Last Friday, the EPA released its decision on 2016-2024 SREs (small refinery exemptions) under the RFS. The EPA awarded 63 full SREs and 77 partial (50%) exemptions. The total for the 140 awarded exemptions was 5.34 billion gallons, a large amount by any standard. Here are some thoughts about the decisions:

  1. The first question faced by the EPA was how many SREs to award.  I previously computed that there could be around 1.4 billion RIN gallons of SREs per year over 2016-2023.  This would mean the total could have been as large as 12 billion gallons.  That is a massive number given that the total RVO in recent years has been around 20 billion gallons.  The new EPA Administrator, Lee Zeldin, expressed a clear preference for clearing the decks of all these old SRE petitions.  What direction would the EPA go?  Would it follow Trump 1.0 and award all of them, or would it follow the Biden Admin and award zero?  The answer is that the EPA followed a “split the baby” strategy.   The EPA used a combination of partial 50% SREs and petition denials to whittle the SRE total down to 5.34 billion gallons, still a large number, but not nearly as large as it could have been.
  2. It is rather curious that 25 out of 29 petitions were awarded full SREs for 2019, but then, suddenly starting in 2020 partial exemptions became the norm.   Out of the 134 SRE petitions over 2020-2024, only 38 were given full awards.  Hmmm.  It seems that something suddenly changed in the DOE scoring for SREs.  I suspect that there will be legal action on this front, which helps explain why nearly a quarter of the EPA decision document deals with awarding partial 50% waivers.
  3. Having decided on the number of SREs to award, the EPA faced the momentous decision of how to provide relief for the 2016-2022 SREs.
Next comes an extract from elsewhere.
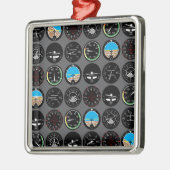 Flight Instruments Metalen Ornament (Links)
Small refiners had already complied for these years and retired RINs that were consistent with their obligations. The small refiners made it very clear that they expected the EPA to not only return their RINs, but also convert the vintage of the RINs to the current year.  For example, consider the award of a 2019 SRE.  The small refiner already complied for 2019 using either 2018 or 2019 RINs.  If the EPA returned the 2018 and 2019 RINs to the refiner as relief for the SREs, this would not have any value because the RINs had already expired under the RFS rules.  The alternative is for the EPA to convert the vintage year of the 2018 and 2019 RINs to 2025, a process in the trade known as the creation of “zombie” RINs.  But the EPA said “no cigar” on this to the small refiners. They will be getting back their RINs with the original vintage years, which have all expired and are worthless today. So, SREs for 2016-2022 are simply paper transactions with no economic value.
  4. In my opinion, the EPA offered a weak justification for awarding expired RINs instead of zombie RINs. They noted that they had given zombie RINs in the past but could not now because it would be too disruptive to the operation of the RFS program. That’s it. I believe the EPA fully understands that they may well lose in court on this issue. But this solves two political problems for the Trump EPA. First, it puts off the bearish implications of dumping a huge number of zombie RINs on the market until some future year after the courts reach a decision. Second, if this happens before 2028, the Trump Administration can simply tell their ag supporters that they are only doing what a court ordered them to do.
  5. The EPA is allowing small refiners awarded 2023 RINs to re-comply for 2023 to provide some economic relief. In addition, 2024 compliance has not yet closed, and small refiners with SREs for this year will be able to keep their RINs or sell them instead of complying. The combined impact is to release 1.39 billion gallons of RINs into the market from 2023 and 2024.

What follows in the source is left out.